Our Workstreams

Open Government

Open government, the idea that if we make public service information-rich, there is a possibility of wiping out the need for middlemen, make bureaucracy more responsive to people, and take a swipe at corruption. Opening up government data democratises information, increases transparency, allows effective public oversight, and lowers the barriers for people to collaborate.

The broader benefits of opening up the data facilitates more scientific policy-making, and engage people in government by strengthening them with information they can use to challenge office bearers, devise new tools and services and create employment and lower corruption.

For example, public can visually find information about where schools, health posts or police stations are located; track and report bogus schools; know the level of education and health spending in each district; monitor government's development budget; scrutinise infrastructure spending, and generally put pressure on politicians and office bearers to be accountable.

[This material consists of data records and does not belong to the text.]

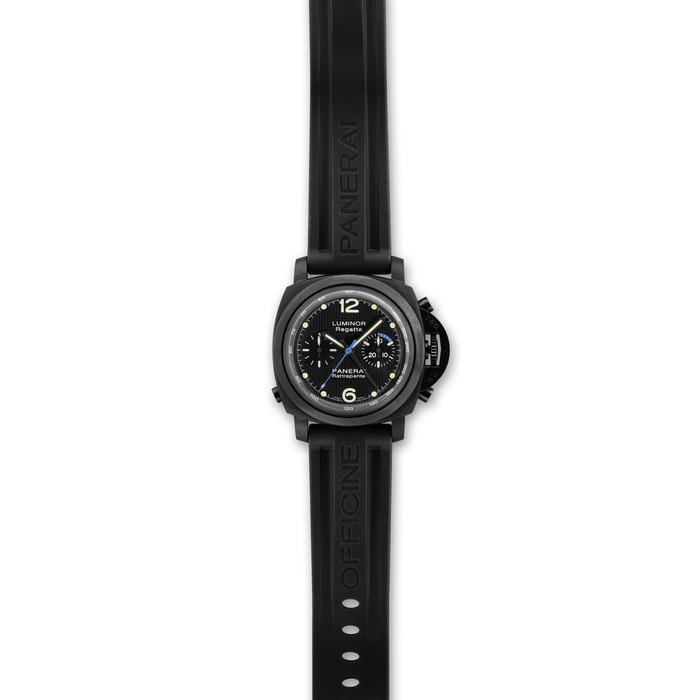 Panerai Officine Panerai, Price & Market Data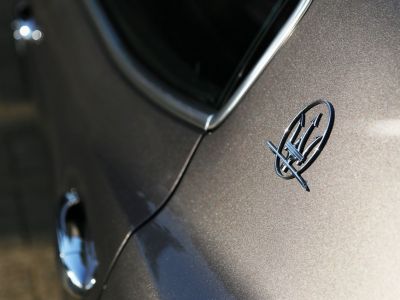 Maserati Ghibli S Q4 3.0L V6 producing 410 bhp  - 24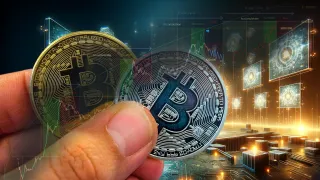 The Crypto World on Hold Ahead of the Next Bitcoin Halving in April 2024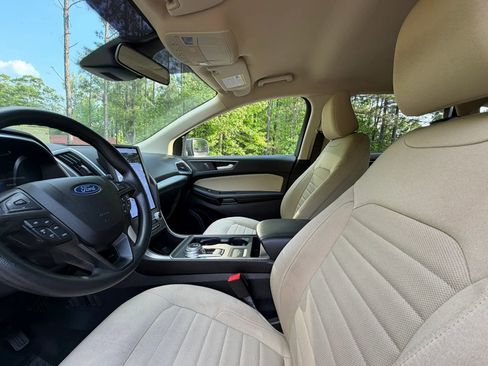 Used 2021 Ford Edge SE AWD/4WD image 15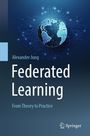 Alexander Jung: Federated Learning, Buch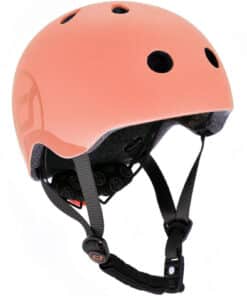 Casque Enfant Pêche, Scoot and Ride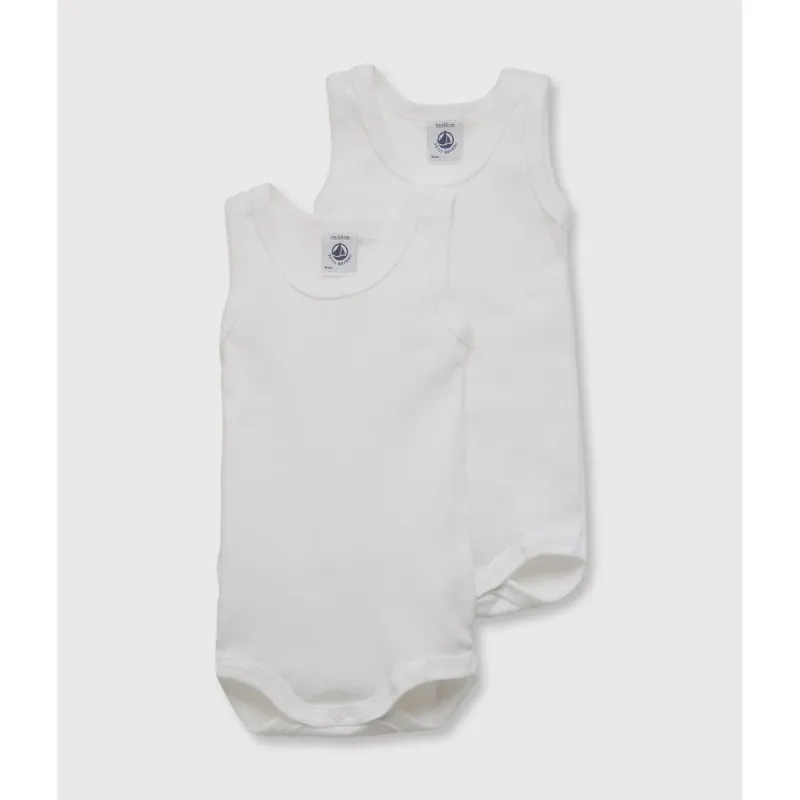 UNDERSHIRT508300 S / LESS WH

Our first work under this PAC will be to liberate expenses data under post war reconstruction money. Then LIG will work towards setting up Nepal Open Data Initiative, modelled on Kenya's Open Data Initiative and UK's Open Government.

Civic Tech

How can masses of people engage with the government? What are the alternative ways for the public to interact with their office bearers? How can people hold their governments accountable with the power of the masses? How can people's genuine grievances seep into policymaking in its most unprocessed form?

LIG plans to provide a platform that enables citizens to amplify their voices for demand for services. The goal is to contribute to the improvement of service delivery by providing simple technology/media based tools and channels in amplifying citizen's concerns, displeasures, complaints or suggestions emanating from their perception of performance by duty bearers.

Open source platform SwiftRiver (eg. Kenya's Ushahidi) will be localised to develop an online platform where public can report with a phone call, email, text message or through a dedicated website. Some examples include reporting cases of misappropriation of development funds by the local politicians and office bearers, tracking falsified schools, reporting locally confined natural disasters that need urgent attention of the state, reporting human rights abuses, reporting about crimes and making a case for increased police presence etc, the possibilities are endless.

Crowdsourcing programme will also use Alceste, a qualitative data analysis program that incorporates sophisticated statistical processing to help make sense of large amounts of text very quickly.